From the records that follow, copy every line that contains the word "Photo".

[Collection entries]
-------------------------

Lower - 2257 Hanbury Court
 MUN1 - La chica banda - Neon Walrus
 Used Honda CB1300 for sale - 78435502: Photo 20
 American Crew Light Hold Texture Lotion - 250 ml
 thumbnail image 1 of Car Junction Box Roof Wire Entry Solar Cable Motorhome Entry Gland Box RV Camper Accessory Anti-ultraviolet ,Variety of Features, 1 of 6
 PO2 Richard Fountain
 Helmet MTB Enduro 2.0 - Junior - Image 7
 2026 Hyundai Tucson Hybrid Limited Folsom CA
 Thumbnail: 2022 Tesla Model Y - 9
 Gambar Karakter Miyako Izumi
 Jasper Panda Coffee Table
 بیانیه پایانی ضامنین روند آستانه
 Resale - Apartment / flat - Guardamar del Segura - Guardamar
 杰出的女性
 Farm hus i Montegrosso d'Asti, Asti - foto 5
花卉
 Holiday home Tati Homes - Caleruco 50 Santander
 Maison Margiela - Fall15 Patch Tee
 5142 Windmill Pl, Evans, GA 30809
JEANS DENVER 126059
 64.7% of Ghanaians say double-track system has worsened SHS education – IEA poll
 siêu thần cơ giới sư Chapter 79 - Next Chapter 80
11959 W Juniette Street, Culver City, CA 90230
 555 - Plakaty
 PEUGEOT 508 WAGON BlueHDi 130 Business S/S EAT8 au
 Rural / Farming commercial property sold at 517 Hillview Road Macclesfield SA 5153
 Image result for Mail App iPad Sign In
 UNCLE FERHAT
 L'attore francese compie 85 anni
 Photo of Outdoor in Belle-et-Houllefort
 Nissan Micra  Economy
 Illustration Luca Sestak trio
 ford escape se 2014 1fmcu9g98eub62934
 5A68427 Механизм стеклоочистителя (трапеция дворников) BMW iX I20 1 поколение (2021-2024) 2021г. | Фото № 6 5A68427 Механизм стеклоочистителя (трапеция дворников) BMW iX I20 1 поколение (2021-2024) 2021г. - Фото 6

-------------------------

» **YOUR RESPONSE**
 Used Honda CB1300 for sale - 78435502: Photo 20
 Photo of Outdoor in Belle-et-Houllefort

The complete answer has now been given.